1) Buy the DVD Box Set

This is probably the most obvious way of getting your post-season Mad Men fix, as it will enable you to enjoy hours and hours of Don Draper-ey goodness on your own time schedule.  The first two seasons are already available on DVD.  The third WILL be available for purchase on March 23, 2010.  However, you can pre-order it here.  According to Amazon.com, buying all three DVDs will set you back about $75.00.  (Not exactly cheap – but way less expensive than a new television . . .)

2) Watch Mad Men fan vids on YouTube

Low on funds, but still need your Mad Men fix?  YouTube has a few choice clips from the show that you might enjoy.  (I’d love to post one here for you, but AMC does not allow you too embed its videos – phooey!)  Instead, please enjoy this fan video involving my two favorite Mad Men characters: erstwhile ingenue Peggy and erstwhile villian Pete . . .

3) Watch Mad Men Spoofs on other channels.

They say that “mimicry is the sincerest form of flattery.”  If that’s the case, the folks at Mad Men should be SINCERELY FLATTERED, because everybody and their mother is putting out some sort of spoof or parody of the show this year.  You can check out the above-pictured “Mad Men” during a reoccurring skit on Sesame Street.  Or, watch The Simpsons, for this gem . . .

4) Purchase Mad Men Paraphernalia

Aside from the aforementioned DVDs, a few Google and Amazon.com searches can lead you to all sorts of Mad Men goodies, including:

 . . . this Sterling, Cooper, Draper & Pryce t-shirt that allows you to show your support for the brand new ad executive team;

this Mad Men martini shaker, perfect for taking a little nip at the office;

this MAD WOMEN mug, because it isn’t always about the boys; and

these Mad Men – inspired Barbie dolls, which are adorable, but, unfortunately,  (1) cost $75 a pop, coincidentally, the same amount it costs to buy all three Mad Men DVDs together, and (2) aren’t on sale until July 2010.  By then, we will have the real thing to enjoy!

5) Follow the Mad Men characters on Twitter.

Talk about an anachronism!  On Mad Men, our favorite advertising executives are still using type writers.  But, apparently, in the virtual world, they are all about the Twitter.  I’ve read that there was some controversy about these character-inspired Twitter accounts, which were fan-created.  In fact, at one point, AMC sought to have them removed from cyberspace.  Fortunately, the pages are back and ready for you to enjoy.  Here are just some of the Mad Men on Twitter today.  (You can view their pages, by simply clicking on the links provided.)

Don Draper

Betty Draper

Peggy Olson

Roger Sterling

Ken Cosgrove

Salvatore Romano

6) Find out which Mad Men character you are.

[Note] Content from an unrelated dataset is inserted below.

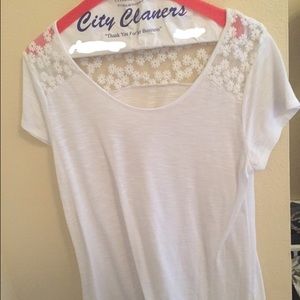 Lace detailed simple white shirt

When I was younger, I used to love reading Teen magazine.  I particularly enjoyed taking all of those kind of lame, not particularly accurate, personality quizzes they always had in there.  Fortunately, AMCTV.com has created a slightly improved online version of those quizzes, inspired by its most successful television program. 

The first time I took the quiz, it told me I was most like “Duck Phillips.”  I was a little insulted.  But either they have changed the quiz in the past few months, or I have changed.  Because, I took the quiz again today and got “Joan Holloway!”  Awesome!

You can take the quiz here.

7) Transform yourself into a Mad Men character.

Another cool thing to do on AMCTV.com is to make yourself into a cartoon Mad Men-themed avatar.  The computer program allows you to choose between male and female avatars, and customize your character, by electing from any number of faces, body types, clothing styles, accessories, and backgrounds.  Here’s mine:

Those of you who have met me in person, can confirm that I actually sort of look like this . . .

You can create your own Mad Men Avatar here.

There you have it.  Hours and hours of HEALTHY Mad Men-themed enjoyment, certain to keep you occupied (and sane), while you wait for the show’s Season 4 premiere. Now, you no longer have any excuses for throwing lamps at your televisions.  OK?